FICO’s BNPL Credit Score Integration: What You Need to Know Now

FICO’s BNPL Credit Score Integration: What You Need to Know Now

FICO’s BNPL Credit Score Integration: What You Need to Know Now

FICO's BNPL Credit Score Integration: What You Need to Know Now
Image from NPR

Effective this fall, FICO, a leading credit scoring company, will begin incorporating data from ‘Buy Now, Pay Later’ (BNPL) loans into some of its credit scoring products. This significant shift aims to provide lenders with a more comprehensive view of consumers’ financial health, reflecting the widespread adoption of BNPL services.

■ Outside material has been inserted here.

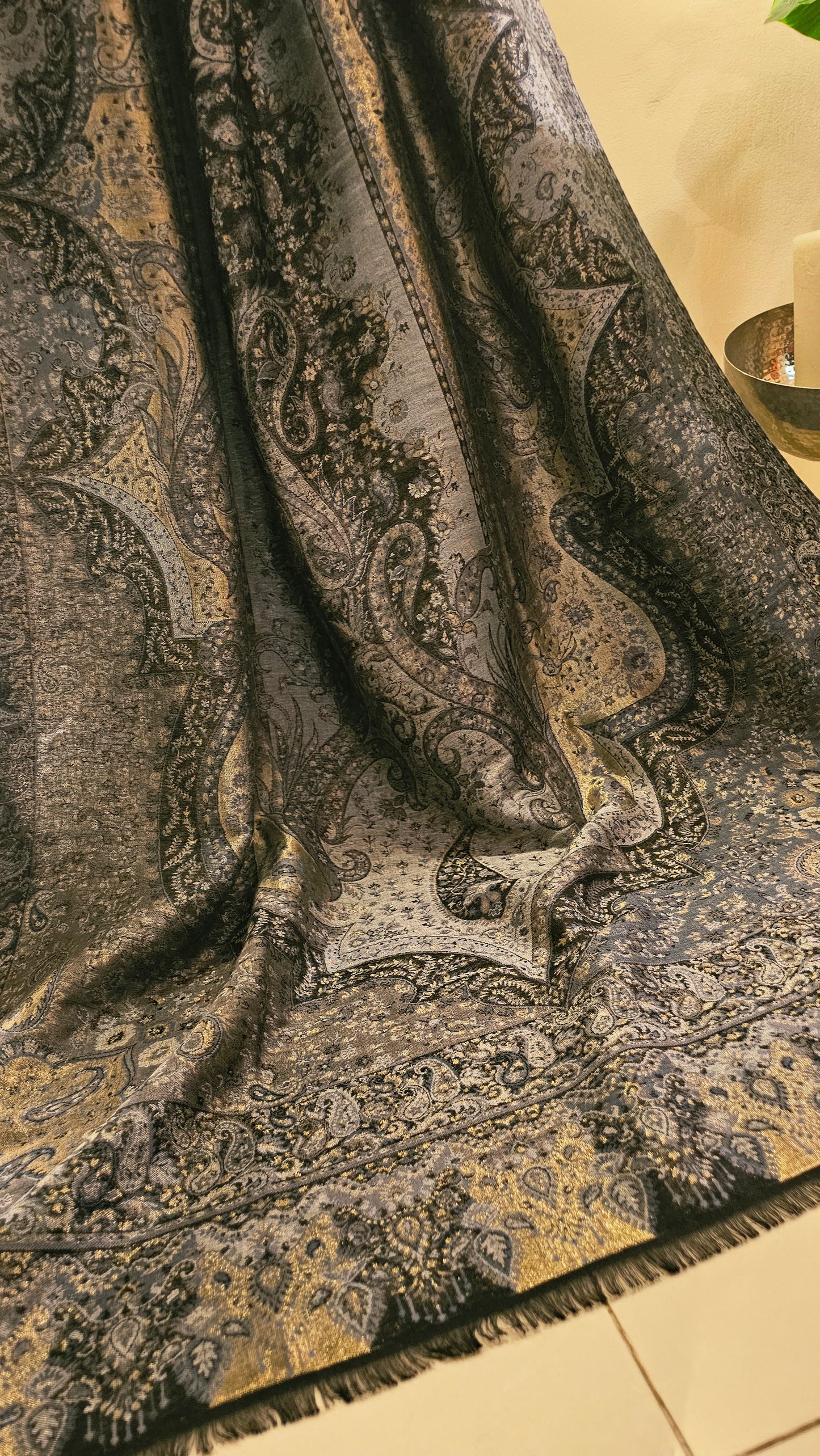 Gandhara reversible kaani: shawl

BNPL options, which allow shoppers to split purchases into installments, have become ubiquitous, particularly online. Services like Affirm and Klarna offer flexible payment plans, often interest-free if paid on time, making them a popular choice for managing expenses. The Federal Reserve reported that in 2024, 15% of American adults utilized BNPL services within a 12-month period.

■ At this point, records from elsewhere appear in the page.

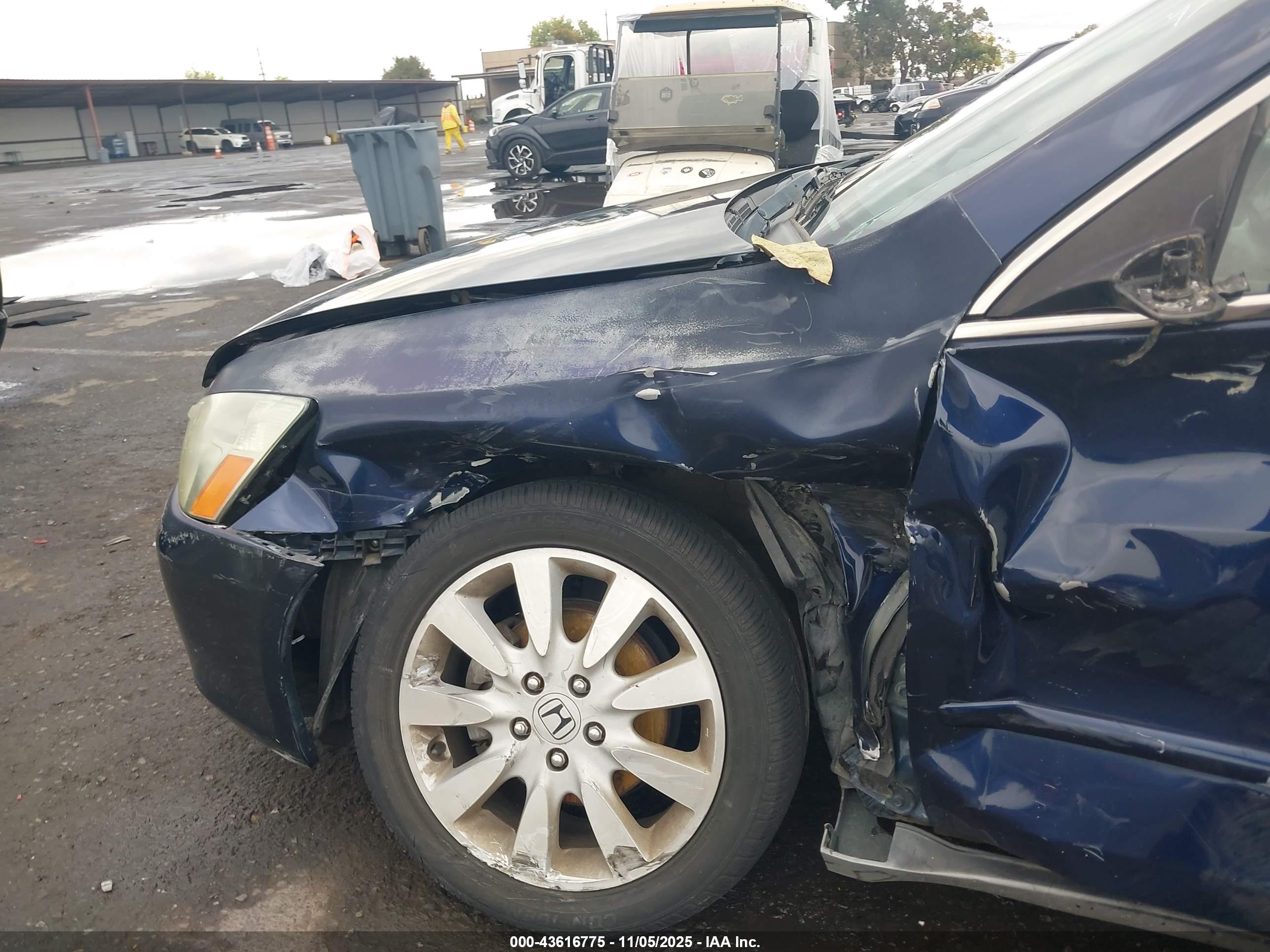 HONDA ACCORD image 6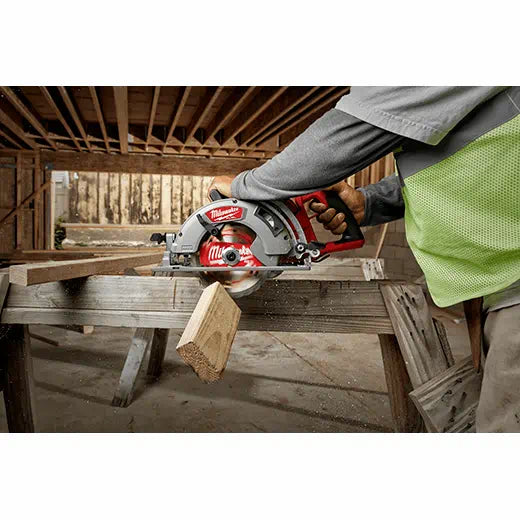 Milwaukee 2830-21HD M18 FUEL™ 7-1/4" Rear Handle Circular Saw Kit - Edmondson Supply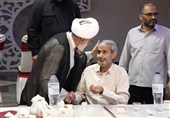 دیدار نماینده ولیفقیه در سپاه با خانوادههای شهدای راسک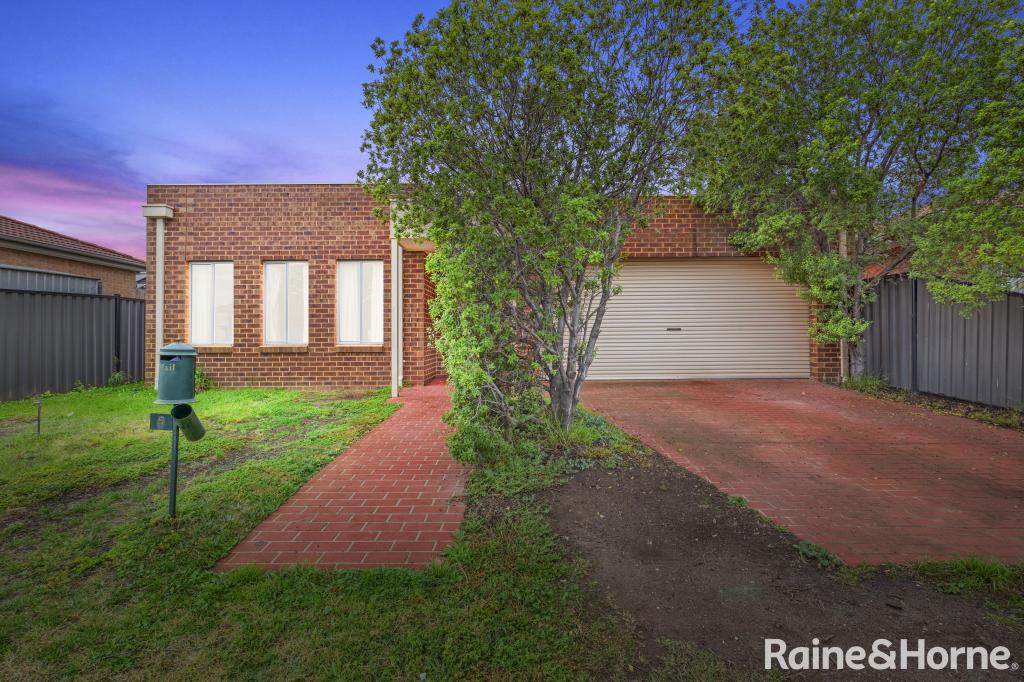 5 Lakewood Bvd, Melton, VIC 3337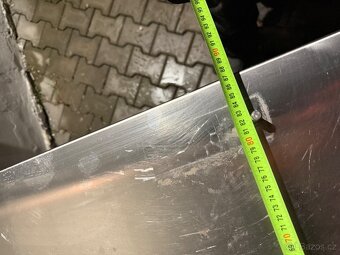 Podstavec/nerezový stůl se zarážkami - 4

This integration means that timely BNPL payments could positively impact an individual’s FICO score, potentially aiding those new to credit in establishing a financial history. Conversely, missed payments could negatively affect scores, similar to traditional credit products. While FICO’s year-long study indicated a generally small impact (within 10 points) for most consumers, the change is crucial for lenders seeking to assess creditworthiness more accurately and avoid over-extending credit.

It’s important to note that while BNPL loans are increasingly treated like credit cards, they may not offer identical consumer protections, particularly regarding dispute resolution. Consumers should be aware of their rights and the terms of their BNPL agreements as these services continue to evolve within the financial landscape.